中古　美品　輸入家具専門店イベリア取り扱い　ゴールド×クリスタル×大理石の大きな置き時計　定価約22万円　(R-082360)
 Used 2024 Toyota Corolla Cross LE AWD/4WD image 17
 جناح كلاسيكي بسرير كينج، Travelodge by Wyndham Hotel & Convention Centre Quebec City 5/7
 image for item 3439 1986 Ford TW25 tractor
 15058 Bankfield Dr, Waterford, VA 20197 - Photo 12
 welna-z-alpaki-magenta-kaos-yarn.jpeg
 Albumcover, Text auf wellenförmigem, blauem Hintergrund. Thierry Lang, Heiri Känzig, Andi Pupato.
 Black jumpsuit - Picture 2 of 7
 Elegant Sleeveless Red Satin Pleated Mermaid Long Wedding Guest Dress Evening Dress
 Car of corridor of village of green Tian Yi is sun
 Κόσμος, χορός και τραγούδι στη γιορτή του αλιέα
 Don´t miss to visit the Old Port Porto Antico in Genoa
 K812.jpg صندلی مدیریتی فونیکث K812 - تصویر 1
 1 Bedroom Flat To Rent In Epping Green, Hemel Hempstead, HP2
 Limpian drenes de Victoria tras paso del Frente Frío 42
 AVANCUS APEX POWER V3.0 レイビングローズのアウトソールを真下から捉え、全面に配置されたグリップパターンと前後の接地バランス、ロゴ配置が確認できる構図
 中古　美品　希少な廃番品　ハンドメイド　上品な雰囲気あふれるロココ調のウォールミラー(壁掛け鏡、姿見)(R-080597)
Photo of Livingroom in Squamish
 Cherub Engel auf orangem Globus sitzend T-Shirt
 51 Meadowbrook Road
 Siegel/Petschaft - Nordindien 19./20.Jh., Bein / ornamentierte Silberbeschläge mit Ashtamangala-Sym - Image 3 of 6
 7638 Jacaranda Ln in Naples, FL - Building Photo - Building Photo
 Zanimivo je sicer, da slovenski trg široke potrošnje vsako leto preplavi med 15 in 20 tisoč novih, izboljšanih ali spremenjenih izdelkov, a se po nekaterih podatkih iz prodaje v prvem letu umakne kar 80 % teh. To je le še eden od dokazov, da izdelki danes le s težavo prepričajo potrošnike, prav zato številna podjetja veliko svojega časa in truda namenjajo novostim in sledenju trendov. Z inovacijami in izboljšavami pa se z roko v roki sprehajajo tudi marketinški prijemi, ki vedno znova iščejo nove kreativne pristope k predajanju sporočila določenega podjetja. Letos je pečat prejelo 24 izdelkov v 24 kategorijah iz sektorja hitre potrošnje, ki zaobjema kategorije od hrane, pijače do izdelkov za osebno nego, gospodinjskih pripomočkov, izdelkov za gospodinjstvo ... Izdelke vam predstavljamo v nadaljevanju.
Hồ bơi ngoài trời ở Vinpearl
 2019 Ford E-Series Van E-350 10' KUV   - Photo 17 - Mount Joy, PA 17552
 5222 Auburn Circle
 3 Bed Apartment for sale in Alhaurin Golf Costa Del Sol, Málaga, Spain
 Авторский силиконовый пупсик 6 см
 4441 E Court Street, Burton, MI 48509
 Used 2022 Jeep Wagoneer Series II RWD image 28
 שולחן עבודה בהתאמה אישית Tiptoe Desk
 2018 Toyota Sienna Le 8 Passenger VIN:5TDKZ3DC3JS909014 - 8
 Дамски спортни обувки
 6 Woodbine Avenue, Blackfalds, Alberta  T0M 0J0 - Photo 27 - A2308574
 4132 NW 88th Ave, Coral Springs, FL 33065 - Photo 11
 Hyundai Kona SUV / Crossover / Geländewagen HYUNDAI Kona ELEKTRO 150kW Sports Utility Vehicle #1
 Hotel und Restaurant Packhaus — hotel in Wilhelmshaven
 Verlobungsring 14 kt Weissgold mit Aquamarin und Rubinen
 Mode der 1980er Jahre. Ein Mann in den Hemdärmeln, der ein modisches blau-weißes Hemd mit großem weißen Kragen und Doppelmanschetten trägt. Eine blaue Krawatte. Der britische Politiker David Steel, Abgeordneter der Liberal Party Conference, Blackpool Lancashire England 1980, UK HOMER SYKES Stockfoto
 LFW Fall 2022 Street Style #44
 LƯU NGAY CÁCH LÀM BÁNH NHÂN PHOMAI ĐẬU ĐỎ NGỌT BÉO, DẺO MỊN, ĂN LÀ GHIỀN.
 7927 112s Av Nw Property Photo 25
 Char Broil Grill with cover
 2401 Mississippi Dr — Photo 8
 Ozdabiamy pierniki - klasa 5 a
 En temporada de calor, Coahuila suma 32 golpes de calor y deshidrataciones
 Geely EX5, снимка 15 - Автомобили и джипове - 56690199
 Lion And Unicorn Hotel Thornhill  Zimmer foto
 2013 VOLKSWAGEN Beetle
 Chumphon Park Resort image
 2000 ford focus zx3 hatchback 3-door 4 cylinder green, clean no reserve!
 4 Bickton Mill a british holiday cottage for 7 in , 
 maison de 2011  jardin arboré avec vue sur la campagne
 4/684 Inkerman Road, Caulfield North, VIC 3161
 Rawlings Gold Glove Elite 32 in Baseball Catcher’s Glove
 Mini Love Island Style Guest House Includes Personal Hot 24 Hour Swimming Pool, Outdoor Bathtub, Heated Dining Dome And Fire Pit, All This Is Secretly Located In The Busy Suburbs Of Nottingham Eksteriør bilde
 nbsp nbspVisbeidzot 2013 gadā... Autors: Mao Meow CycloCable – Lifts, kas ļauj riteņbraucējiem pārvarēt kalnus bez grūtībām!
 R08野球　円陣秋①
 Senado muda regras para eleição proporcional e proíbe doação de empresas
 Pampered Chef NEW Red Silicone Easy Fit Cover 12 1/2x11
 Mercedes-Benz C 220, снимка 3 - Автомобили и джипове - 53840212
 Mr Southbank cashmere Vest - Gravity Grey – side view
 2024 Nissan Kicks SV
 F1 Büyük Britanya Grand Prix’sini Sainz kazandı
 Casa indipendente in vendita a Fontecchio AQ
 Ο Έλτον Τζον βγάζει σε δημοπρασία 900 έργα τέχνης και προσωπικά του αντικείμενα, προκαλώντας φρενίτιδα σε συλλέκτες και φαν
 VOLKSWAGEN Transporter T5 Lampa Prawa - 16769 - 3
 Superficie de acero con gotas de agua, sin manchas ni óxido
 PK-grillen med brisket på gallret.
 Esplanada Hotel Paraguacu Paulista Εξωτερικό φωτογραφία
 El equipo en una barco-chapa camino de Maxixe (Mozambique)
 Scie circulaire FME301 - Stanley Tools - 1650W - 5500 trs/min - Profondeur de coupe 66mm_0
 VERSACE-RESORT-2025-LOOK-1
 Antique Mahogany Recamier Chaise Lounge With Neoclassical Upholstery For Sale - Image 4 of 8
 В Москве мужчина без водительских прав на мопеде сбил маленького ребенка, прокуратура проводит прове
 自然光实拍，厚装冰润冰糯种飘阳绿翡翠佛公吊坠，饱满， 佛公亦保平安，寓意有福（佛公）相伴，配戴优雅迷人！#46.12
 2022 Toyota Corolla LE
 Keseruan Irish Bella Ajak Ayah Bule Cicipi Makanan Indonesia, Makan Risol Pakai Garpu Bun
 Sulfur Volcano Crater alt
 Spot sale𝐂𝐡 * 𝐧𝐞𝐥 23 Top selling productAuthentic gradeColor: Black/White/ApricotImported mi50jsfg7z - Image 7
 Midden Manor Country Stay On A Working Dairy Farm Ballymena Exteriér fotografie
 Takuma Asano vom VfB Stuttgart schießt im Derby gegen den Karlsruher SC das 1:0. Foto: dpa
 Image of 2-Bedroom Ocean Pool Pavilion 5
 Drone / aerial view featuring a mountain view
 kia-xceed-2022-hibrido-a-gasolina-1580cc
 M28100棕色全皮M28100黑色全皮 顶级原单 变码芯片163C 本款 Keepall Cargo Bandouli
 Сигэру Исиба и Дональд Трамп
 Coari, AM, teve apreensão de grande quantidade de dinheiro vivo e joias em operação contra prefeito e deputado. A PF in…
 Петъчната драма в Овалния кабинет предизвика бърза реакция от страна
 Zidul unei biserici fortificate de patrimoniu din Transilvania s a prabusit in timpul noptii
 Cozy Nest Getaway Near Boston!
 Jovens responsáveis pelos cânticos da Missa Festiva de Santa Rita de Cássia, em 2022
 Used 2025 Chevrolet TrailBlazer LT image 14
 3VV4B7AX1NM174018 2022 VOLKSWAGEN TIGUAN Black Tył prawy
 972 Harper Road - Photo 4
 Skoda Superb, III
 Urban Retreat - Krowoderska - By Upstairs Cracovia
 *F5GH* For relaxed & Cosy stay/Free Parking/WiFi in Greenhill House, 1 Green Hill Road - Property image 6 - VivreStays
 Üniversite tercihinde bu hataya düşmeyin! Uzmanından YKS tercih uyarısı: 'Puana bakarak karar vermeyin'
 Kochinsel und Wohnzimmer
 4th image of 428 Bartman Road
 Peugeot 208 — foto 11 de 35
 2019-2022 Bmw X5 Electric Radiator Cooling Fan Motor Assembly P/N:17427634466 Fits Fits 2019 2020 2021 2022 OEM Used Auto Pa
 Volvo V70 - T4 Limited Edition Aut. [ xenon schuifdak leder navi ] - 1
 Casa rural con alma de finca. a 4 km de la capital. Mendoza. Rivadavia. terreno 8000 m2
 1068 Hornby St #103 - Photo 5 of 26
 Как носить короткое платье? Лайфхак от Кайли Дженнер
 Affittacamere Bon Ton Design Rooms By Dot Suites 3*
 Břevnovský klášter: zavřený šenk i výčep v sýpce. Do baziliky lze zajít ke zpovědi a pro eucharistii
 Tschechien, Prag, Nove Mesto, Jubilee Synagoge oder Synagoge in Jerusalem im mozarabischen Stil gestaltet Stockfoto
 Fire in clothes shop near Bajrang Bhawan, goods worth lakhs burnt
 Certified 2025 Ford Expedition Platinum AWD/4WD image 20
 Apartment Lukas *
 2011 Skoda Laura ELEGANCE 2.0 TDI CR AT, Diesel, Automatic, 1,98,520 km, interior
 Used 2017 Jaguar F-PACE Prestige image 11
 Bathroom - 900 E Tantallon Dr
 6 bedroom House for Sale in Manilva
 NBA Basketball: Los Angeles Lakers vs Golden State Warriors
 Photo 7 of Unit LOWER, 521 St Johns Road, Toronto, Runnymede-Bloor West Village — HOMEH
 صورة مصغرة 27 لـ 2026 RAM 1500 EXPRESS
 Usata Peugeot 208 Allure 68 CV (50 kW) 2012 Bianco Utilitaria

## EXERCISE REQUIREMENTS
Report how many lines of the records above contain the word "Skoda", giving only the number.

## OUTPUT OF THE EXERCISE
2